Network Security: VPC, Firewall Rules, and Service Mesh mTLS

Design network security for cloud-native applications using VPCs, network policies, and mutual TLS for service-to-service encryption.

published: reading time: 12 min read

Network security is about controlling who can talk to whom. In a monolith, this is simple: one network, trust everything inside it. In a distributed system with hundreds of services, you need a different approach.

When to Use

Istio vs. Linkerd vs. No Service Mesh

Use a service mesh when you have multiple services that need mutual TLS without modifying application code. Linkerd is the better choice when you want simple, low-overhead mTLS with minimal configuration. Istio is better when you need fine-grained traffic control, advanced observability, or multi-cluster federation.

Do not use a service mesh if your services communicate over a dedicated network with no untrusted traffic, or if your team cannot afford the operational overhead. A service mesh adds complexity at every level: debugging, routing, and authentication all become mesh concerns.

cert-manager vs. Cloud-Native Certificate Management

Use cert-manager when you run Kubernetes and want a unified way to manage certificates across cloud and on-premises environments, or when you use Let’s Encrypt or other ACME providers.

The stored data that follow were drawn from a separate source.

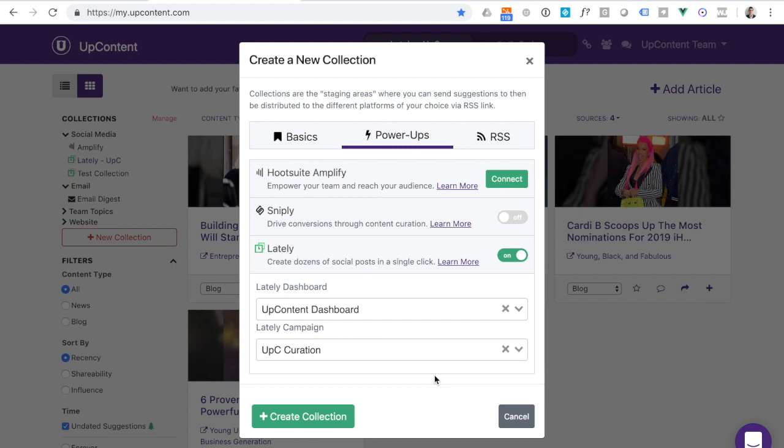It's important to note that the connection you've made between Lately and UpContent is at the account level. So if you do have other team members who have access to collections, they will also be able to assist you in managing the articles that head into Lately. No need to have that connection be done for each individual on your team.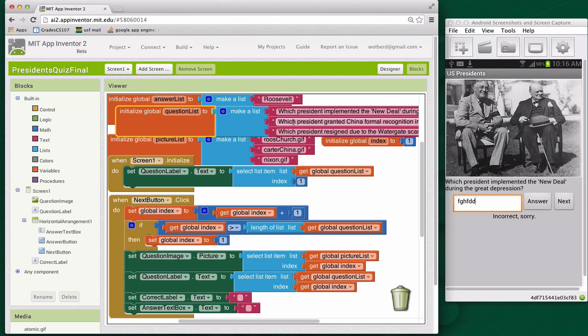Right now, you have to enter the answer exactly to get it correct, so a multiple choice quiz would be great too. But you should really spend some time to understand the code in this app. It represents a big conceptual leap into programming.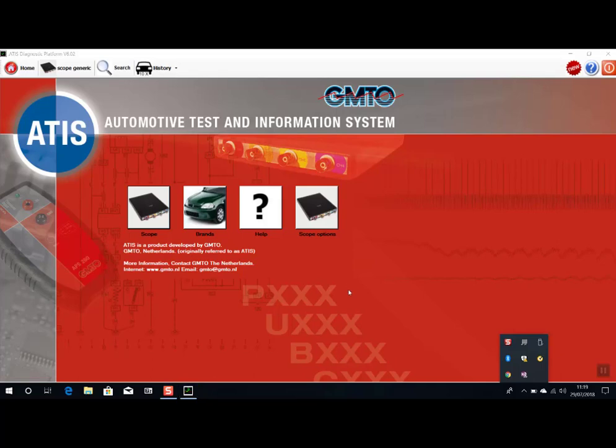Hi, today we're just going to be showing testing the active ABS sensor on this 2014 Skoda Octavia. We'll be testing using the GMT OTP oscilloscope in conjunction with the ATIS software.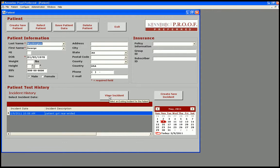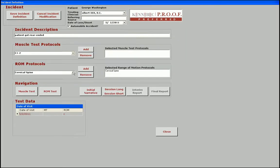Let's pull up a patient record and then pull up the incident we previously created. On the incident screen, we can describe the details of the incident and assign a treating clinician to the patient's case. We can also assign existing protocols for range of motion and or muscular weakness.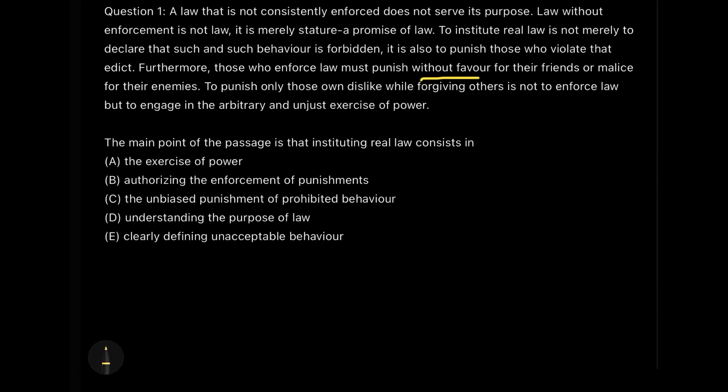'Furthermore' — an indicator of further explanation — 'those who enforce the law must punish without favor for their friends or malice for their enemies. To punish only those whom you dislike while forgiving others is not to enforce law but to engage in the arbitrary and unjust exercise of power.' The question asks: 'The main point of the passage is that instituting real law consists in what?' The main point is nothing but the conclusion.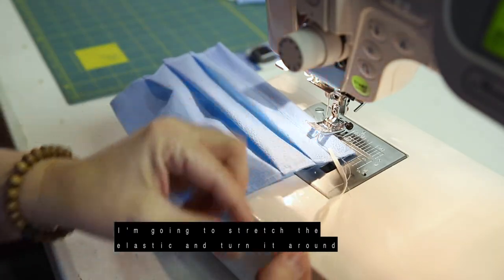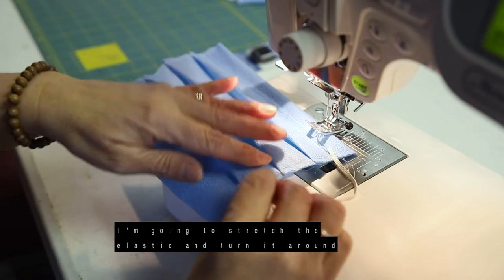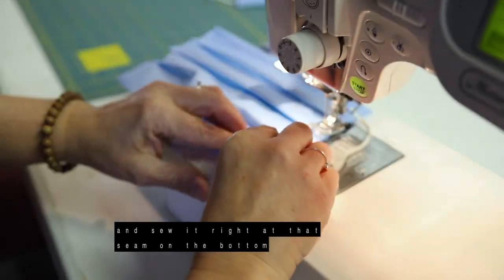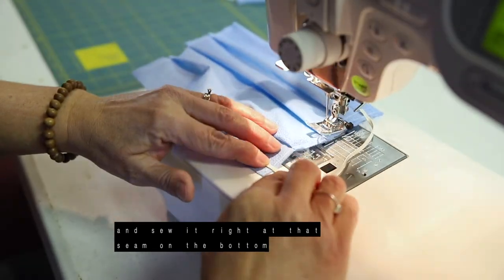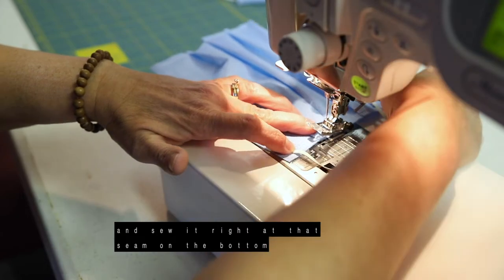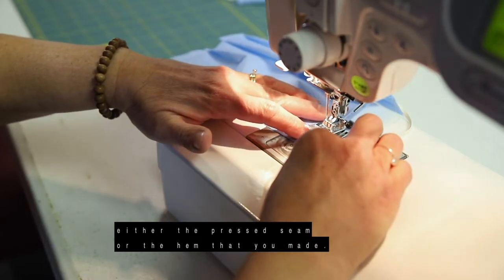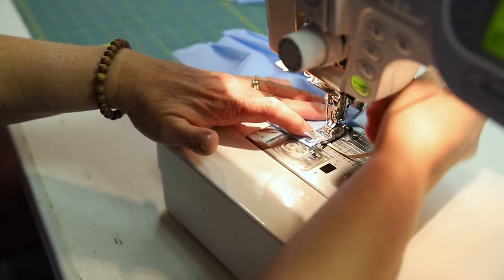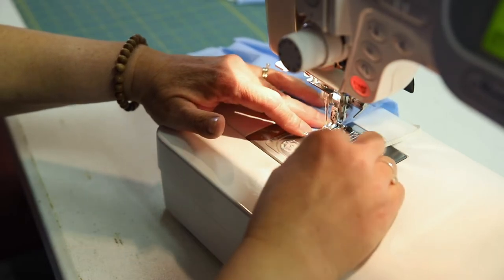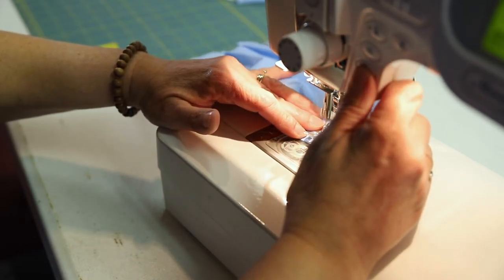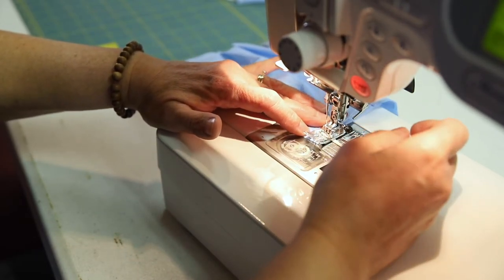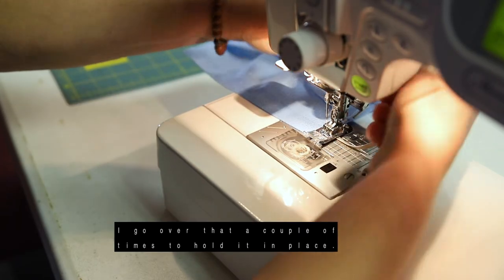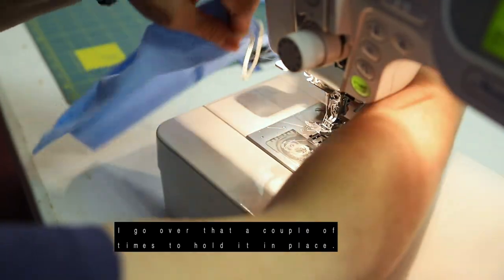Then I'm going to stretch the elastic and turn it around and sew it right at that seam on the bottom, either the pressed seam or the hem that you made. And I go over that a couple of times to hold it in place.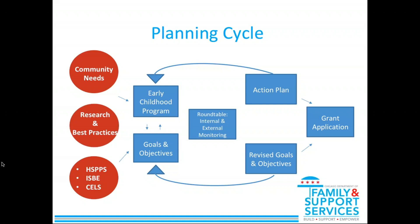The roundtable is when internal and external monitoring come together. Roundtables are part of the monitoring cycle. At the roundtable, external monitoring reports are compared with internal self-assessments. Out of that, revised goals and objectives may be created, and an action plan for program improvement will be created. For Head Start programs, those two pieces get expressed in the annual grant application.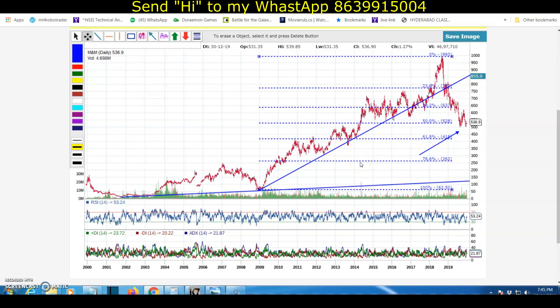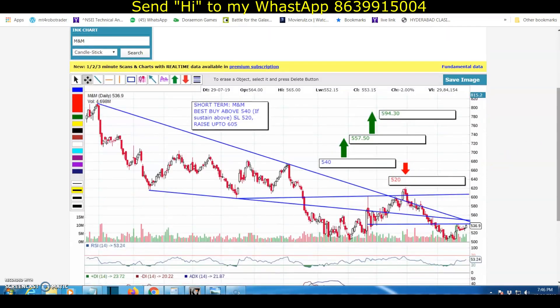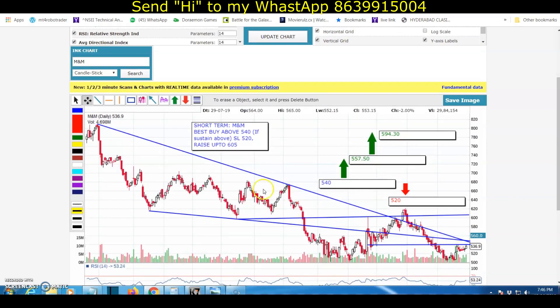If you are interested in the market, in the short term, M&M is best to buy above the 540 level. If you can learn more about the 540 level, if you are interested in a 3-day trade to fund the market, you will be interested in the market.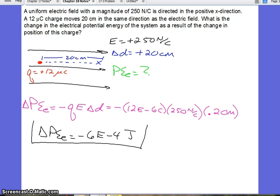So this potential energy has decreased. The electric field is moving the charge, and therefore this decrease in potential energy is associated with an increase in kinetic energy. Energy is conserved, so if we let an object go within an electric field, the potential energy should go down because the kinetic energy is going to go up. One form of energy is just transferred into another form.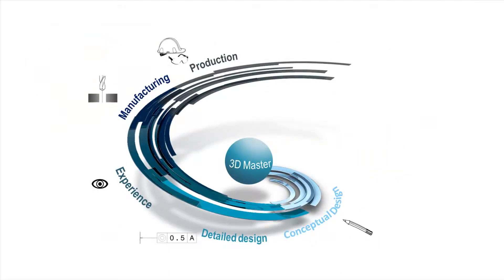At Dassault Systems, we have developed a response to these challenges. We call this approach 3D master. It provides companies with one single reference for 100% of the product definition, all in 3D.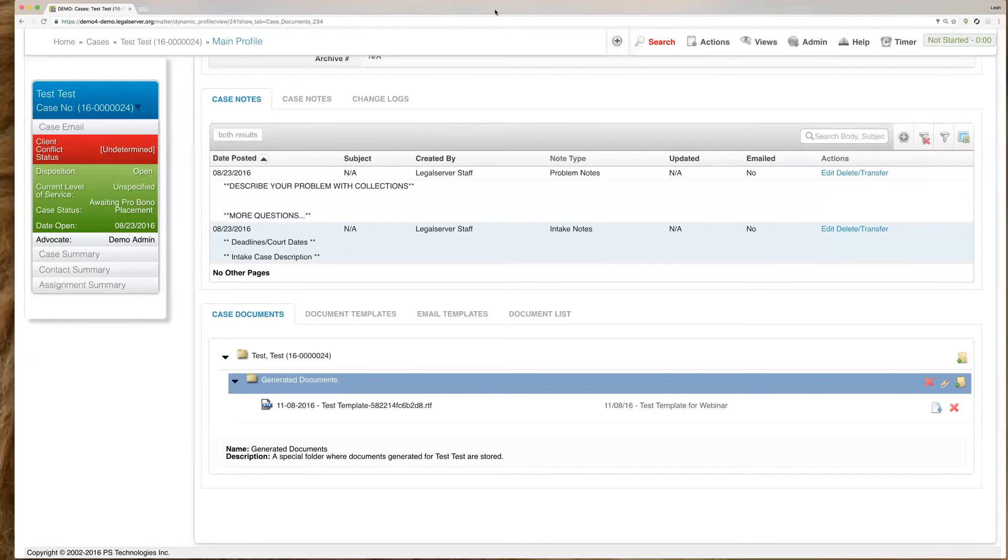Again, the today's date is really the only kind of magic field that automatically gets set in templates. Thank you.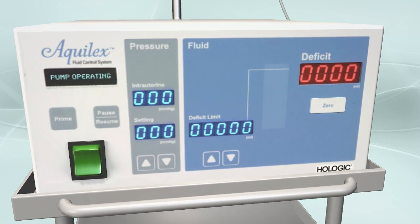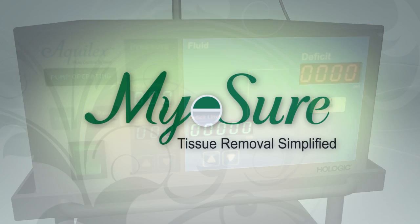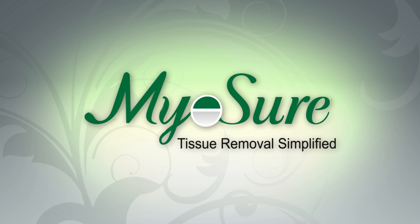Always monitor fluid deficit throughout the procedure in accordance with the ACOG guidelines. Thank you for your attention.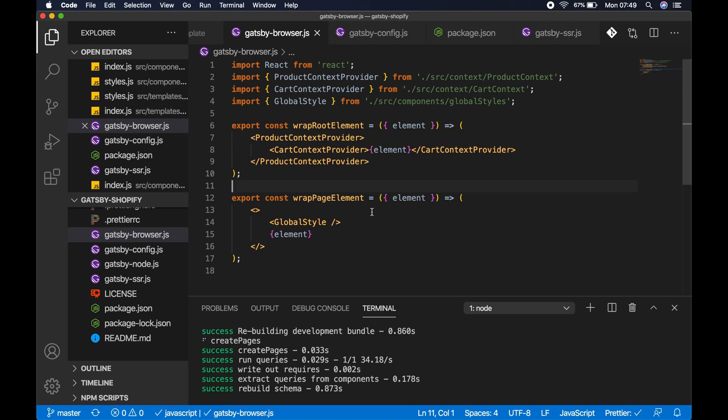And then in gatsby-browser, exactly the same, you need to use wrap page element. But obviously you can still use the wrap root element for things like your React context. So make sure you're using wrap root element for your context and wrap page element for any global styles.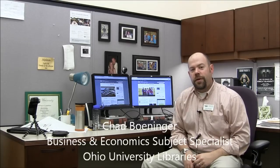Hey there, Chad Boninger here for Ohio University Libraries, and today I'm actually showing you my office to give you an idea of how I make videos for my business blog. A lot of people ask me, how do you do that kind of stuff? So this is actually going to be a video about making videos.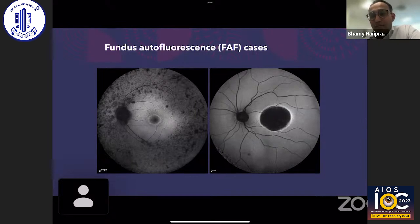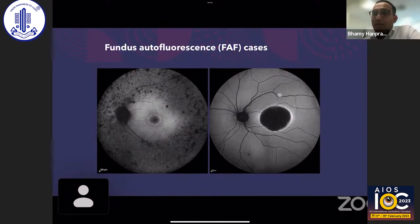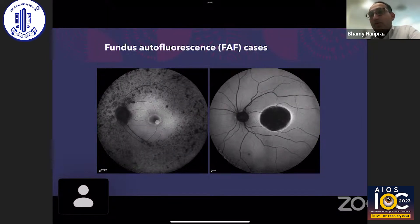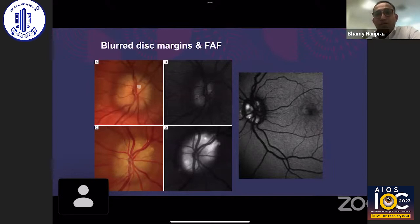The hyperautofluorescent ring marks the junction of viable and non-viable retina, but the viable retina can be either inside or outside the ring depending on the condition. In this macular dystrophy, probably North Carolina macular dystrophy, the viable retina is outside the ring, whereas in retinitis pigmentosa the viable retina is inside the ring. Fundus autofluorescence is also helpful for visualizing drusen, including buried drusen and superficial drusen.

Use cloud-native certificate management (AWS ACM, Azure Key Vault, GCP Certificate Manager) when you operate entirely within one cloud and your certificates are primarily for cloud-managed ingresses like ALB or Cloud CDN.

NACLs vs. Security Groups Alone

NACLs add value when you need subnet-wide rules that apply to all resources in a subnet, or when you want explicit deny rules at the network layer (for example, blocking known malicious IP ranges before traffic reaches any security group).

Most workloads do fine with security groups alone. NACLs are worth the additional configuration complexity when you have a specific compliance requirement for network-layer filtering or when multiple security groups need a common deny rule.

VPC Design and CIDR Allocation

A VPC (Virtual Private Cloud) is your network boundary in the cloud. Design it carefully because changing it later is painful.

Allocate CIDR blocks that give you room to grow. If you start with a /24, you will outgrow it. Use a /16 for production environments and segment with subnets.

# AWS VPC example
resource "aws_vpc" "main" {
  cidr_block           = "10.0.0.0/16"
  enable_dns_hostnames = true
  enable_dns_support   = true
}

# Subnets across availability zones
resource "aws_subnet" "private" {
  count             = 3
  vpc_id            = aws_vpc.main.id
  cidr_block        = cidrsubnet(aws_vpc.main.cidr_block, 8, count.index)
  availability_zone = data.aws_availability_zones.available.names[count.index]
}

resource "aws_subnet" "public" {
  count                   = 3
  vpc_id                  = aws_vpc.main.id
  cidr_block              = cidrsubnet(aws_vpc.main.cidr_block, 8, count.index + 10)
  availability_zone        = data.aws_availability_zones.available.names[count.index]
  map_public_ip_on_launch = false
}

Segment your VPC into at least three subnet types:

  • Public subnets: Load balancers, NAT gateways. Has direct internet access.
  • Private subnets: Application workloads. No direct internet access.
  • Data subnets: Databases, caches. Most restricted, no internet access at all.

Security Groups and NACLs

Security groups are stateful firewalls attached to instances or ENIs (Elastic Network Interfaces). They are the primary tool for controlling traffic to your workloads.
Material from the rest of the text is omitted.